## Definition

Event and accumulation dates are density estimates of the occupation and duration of an archaeological site (L. Bellanger, Husi, and Tomassone 2006; L. Bellanger, Tomassone, and Husi 2008; Lise Bellanger and Husi 2012).

The event date is an estimation of the *terminus post-quem* of
an archaeological assemblage. The accumulation date represents the
“chronological profile” of the assemblage. According to Lise Bellanger and Husi (2012), accumulation
date can be interpreted “at best […] as a formation process reflecting
the duration or succession of events on the scale of archaeological
time, and at worst, as imprecise dating due to contamination of the
context by residual or intrusive material.” In other words, accumulation
dates estimate occurrence of archaeological events and rhythms of the
long term.

### Event Date

Event dates are estimated by fitting a Gaussian multiple linear regression model on the factors resulting from a correspondence analysis - somewhat similar to the idea introduced by Poblome and Groenen (2003). This model results from the known dates of a selection of reliable contexts and allows to predict the event dates of the remaining assemblages.

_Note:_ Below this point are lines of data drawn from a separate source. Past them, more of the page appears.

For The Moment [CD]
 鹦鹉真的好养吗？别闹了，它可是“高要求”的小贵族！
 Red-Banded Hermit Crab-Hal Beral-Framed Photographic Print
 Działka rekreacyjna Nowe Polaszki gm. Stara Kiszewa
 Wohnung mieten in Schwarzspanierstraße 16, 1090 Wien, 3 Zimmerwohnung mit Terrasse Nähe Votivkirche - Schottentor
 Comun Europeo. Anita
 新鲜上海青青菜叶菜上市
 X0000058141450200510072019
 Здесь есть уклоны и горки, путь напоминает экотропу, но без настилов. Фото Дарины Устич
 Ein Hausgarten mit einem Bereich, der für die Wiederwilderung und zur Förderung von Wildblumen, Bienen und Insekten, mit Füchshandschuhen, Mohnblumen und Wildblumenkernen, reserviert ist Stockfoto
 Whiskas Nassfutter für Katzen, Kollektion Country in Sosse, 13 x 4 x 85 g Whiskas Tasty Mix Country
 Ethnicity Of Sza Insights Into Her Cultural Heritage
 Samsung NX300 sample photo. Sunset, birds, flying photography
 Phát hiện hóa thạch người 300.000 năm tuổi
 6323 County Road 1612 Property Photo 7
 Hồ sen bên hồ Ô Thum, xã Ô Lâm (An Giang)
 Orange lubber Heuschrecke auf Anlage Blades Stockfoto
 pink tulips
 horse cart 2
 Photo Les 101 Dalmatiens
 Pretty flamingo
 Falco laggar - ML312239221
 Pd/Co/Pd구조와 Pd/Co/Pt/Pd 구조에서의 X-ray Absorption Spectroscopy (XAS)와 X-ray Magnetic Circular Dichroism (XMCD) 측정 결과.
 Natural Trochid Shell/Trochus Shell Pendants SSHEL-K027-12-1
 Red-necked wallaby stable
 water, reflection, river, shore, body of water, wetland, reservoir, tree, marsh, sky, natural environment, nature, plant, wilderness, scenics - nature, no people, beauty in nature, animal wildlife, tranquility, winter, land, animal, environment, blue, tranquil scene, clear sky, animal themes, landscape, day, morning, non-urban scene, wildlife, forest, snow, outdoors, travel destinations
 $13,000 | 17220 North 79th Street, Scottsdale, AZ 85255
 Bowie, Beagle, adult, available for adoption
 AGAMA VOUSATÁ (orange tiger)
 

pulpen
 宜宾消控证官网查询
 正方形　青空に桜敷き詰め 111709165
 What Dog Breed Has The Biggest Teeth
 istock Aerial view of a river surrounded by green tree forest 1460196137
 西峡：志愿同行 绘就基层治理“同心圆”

First, a correspondence analysis (CA) is carried out to summarize the information in the count matrix \(X\). The correspondence analysis of \(X\) provides the coordinates of the \(m\) rows along the \(q\) factorial components, denoted \(f_{ik} ~\forall i \in \left[ 1,m \right], k \in \left[ 1,q \right]\).

Then, assuming that \(n\) assemblages are reliably dated by another source, a Gaussian multiple linear regression model is fitted on the factorial components for the \(n\) dated assemblages:

\[ t^E_i = \beta_{0} + \sum_{k = 1}^{q} \beta_{k} f_{ik} + \epsilon_i ~\forall i \in [1,n] \] where \(t^E_i\) is the known date point estimate of the \(i\)th assemblage, \(\beta_k\) are the regression coefficients and \(\epsilon_i\) are normally, identically and independently distributed random variables, \(\epsilon_i \sim \mathcal{N}(0,\sigma^2)\).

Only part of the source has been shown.